Ob es die von Rumsfeld wahrgenommene Bedrohung wirklich gibt, ist mehr als fraglich. Die technische Machbarkeit von Raketenabwehr scheint in weiter Ferne. Warum also die ganze Aufregung. Weil schon die Entscheidung für Raketenabwehrsysteme und Weltraumwaffen zu einem neuen Wettrüsten führt, das diesmal nicht auf die Erde beschränkt bleibt sondern in den Weltraum ausgeweitet wird.

Und welche Rolle spielt die deutsche Regierung in diesem Spiel?
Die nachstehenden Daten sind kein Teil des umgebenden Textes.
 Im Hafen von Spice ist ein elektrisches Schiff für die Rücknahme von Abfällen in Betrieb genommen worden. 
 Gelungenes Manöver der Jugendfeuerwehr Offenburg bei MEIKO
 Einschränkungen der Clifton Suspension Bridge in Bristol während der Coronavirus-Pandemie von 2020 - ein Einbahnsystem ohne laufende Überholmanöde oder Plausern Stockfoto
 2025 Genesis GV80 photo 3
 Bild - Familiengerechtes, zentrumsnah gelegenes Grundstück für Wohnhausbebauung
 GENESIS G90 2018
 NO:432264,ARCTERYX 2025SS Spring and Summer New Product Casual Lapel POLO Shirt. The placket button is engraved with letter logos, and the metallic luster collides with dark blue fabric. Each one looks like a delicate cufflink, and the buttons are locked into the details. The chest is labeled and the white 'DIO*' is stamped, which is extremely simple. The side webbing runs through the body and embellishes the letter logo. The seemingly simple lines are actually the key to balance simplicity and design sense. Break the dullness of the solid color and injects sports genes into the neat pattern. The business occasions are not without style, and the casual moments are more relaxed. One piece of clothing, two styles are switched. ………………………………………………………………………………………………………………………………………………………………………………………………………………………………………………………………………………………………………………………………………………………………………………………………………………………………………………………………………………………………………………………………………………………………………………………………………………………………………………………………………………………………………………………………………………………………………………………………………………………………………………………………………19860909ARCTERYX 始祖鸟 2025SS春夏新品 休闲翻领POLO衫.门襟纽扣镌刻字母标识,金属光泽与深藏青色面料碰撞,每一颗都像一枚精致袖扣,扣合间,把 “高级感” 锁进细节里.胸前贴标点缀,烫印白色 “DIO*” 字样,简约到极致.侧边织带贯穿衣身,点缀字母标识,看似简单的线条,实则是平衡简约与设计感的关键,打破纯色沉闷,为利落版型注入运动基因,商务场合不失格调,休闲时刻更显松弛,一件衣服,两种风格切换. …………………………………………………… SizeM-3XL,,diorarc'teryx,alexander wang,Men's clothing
Keine gute! Nach anfänglicher - und gut begründeter - Ablehnung des geplanten US-Systems kam Kanzler Schröder im Februar zum Schluß, daß Deutschland seinen Partner USA wohl nicht umstimmen könne und daher wenigstens die technologische und wirtschaftliche Teilhabe am geplanten Raketenabwehrschild einfordern müsse. Dazu sagen wir nein. Einige Menschen und Gruppen haben daher Ende März eine bundesweite Initiative gegründet, die sich unter dem Motto "Raketen abrüsten statt abwehren!" mit einem Appell an die Bundesregierung wendet. Der Appell hat folgenden Wortlaut:
"Ich fordere die Bundesregierung auf, jede Beteiligung an einem Raketenabwehr-system abzulehnen und die Regierungen der USA und Europas zum Verzicht darauf zu bewegen. Statt durch ein kostspieliges Rüstungsprogramm eine neue Rüstungs-spirale auf der Erde und im Weltraum auszulösen, fordere ich politische Initiativen, die zur umfassenden Abrüstung von Raketen und Atomwaffen führen."

Im Gefühl von Unverwundbarkeit, unter dem Schutz von Raketenabwehrsystemen würden die USA - und in ihrem Gefolge die europäischen Verbündeten - noch weniger Hemmungen als bisher haben, weltweit und unter dem Deckmantel humanitären Eingreifens nach Gutdünken militärisch zu intervenieren - zur Sicherung ihrer Interessen und der Rohstofflieferungen.

Das dürfen wir nicht zulassen. "Raketen abrüsten statt abwehren!" - diese Forderung muß den Regierungen vieltausendfach entgegenschallen. "Raketen abrüsten statt abwehren!" - unterschreibt den Appell und unterstützt die Initiative. Ihr könnt das übrigens auch online tun, über www.ippnw.de. Ich wünsche uns allen eine raketen- und atomwaffenfreie Zukunft!